La confirmación del diagnóstico se basa en la manifestación clínica, estudios serológicos, endoscopia y una biopsia intestinal. La frecuencia con que se realizan estos estudios varían unos de otros. En el caso de los controles de laboratorio deben realizarse esporádicamente al inicio del diagnóstico, en un principio cada uno o dos meses, después cada sies meses y luego de forma anual. La endoscopia al ser necesaria para el diagnóstico, sólo debe repetirse si el paciente no evoluciona bien a pesar de haber incorporado la dieta libre de gluten. Es a partir de los resultados de estos estudios que la enfermedad celíaca puede ser de distintos tipos:

  • Sintomática o clásica: presentar algunos de los síntomas descriptos anteriormente.
  • Asintomática: son los pacientes que tienen los anticuerpos contra el gluten y la biopsia positiva, pero no manifiestan ningún síntoma.
  • No clásica: no presentan síntomas de malabsorción, sino extradigestivos como migraña, dermatitis, tiroiditis, etc.
  • Subclínica: no manifiesta síntomas, pero las pruebas de laboratorio dan positivas e indican alteraciones.
  • Potencial: son los pacientes que presentan anticuerpos positivos, pero los resultados de la biopsia intestinal son normales.
  • Refractaria: son aquellos pacientes que luego de 12 meses de iniciada la dieta no muestran resultados.
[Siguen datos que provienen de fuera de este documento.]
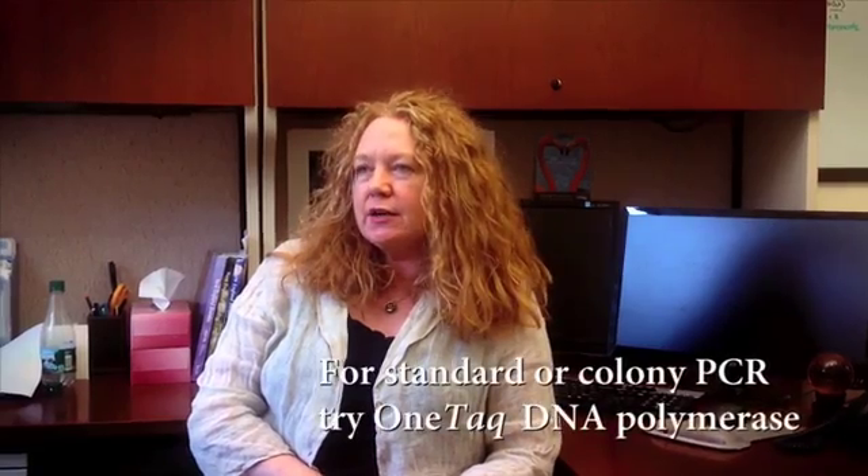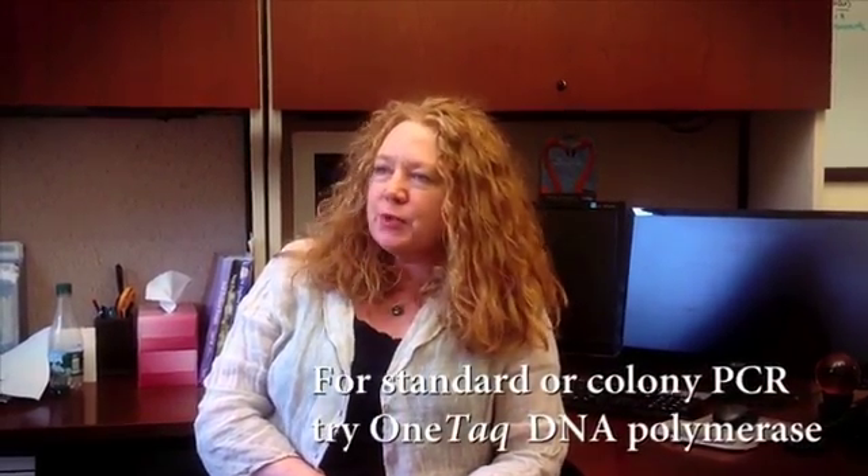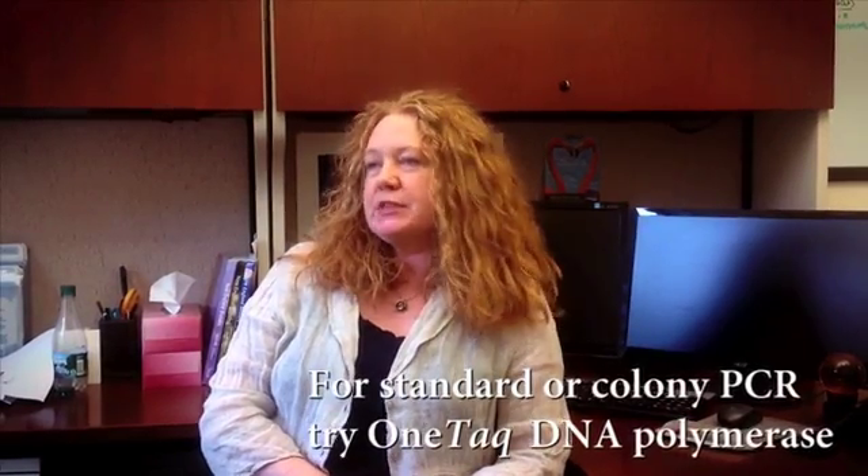For high fidelity amplification, we recommend starting with Q5 high fidelity DNA polymerase, since it has the lowest available error rate and has also been optimised for robust performance across the AT-GC spectrum. For standard PCR or colony PCR, we recommend starting with OneTaq DNA polymerase, which has also been optimised for great performance even with difficult templates such as GC-rich.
Pese a que por el momento no se conoce un tratamiento farmacológico que permita tratar la celiaquía, es importante que, una vez obtenidos los resultados de los estudios, se consulte con un profesional en nutrición. Realizar una dieta estricta, y libre de gluten (frutas, verduras y carne), ayuda a la recuperación de las vellosidades intestinales, disminuyendo los síntomas y previniendo futuras complicaciones.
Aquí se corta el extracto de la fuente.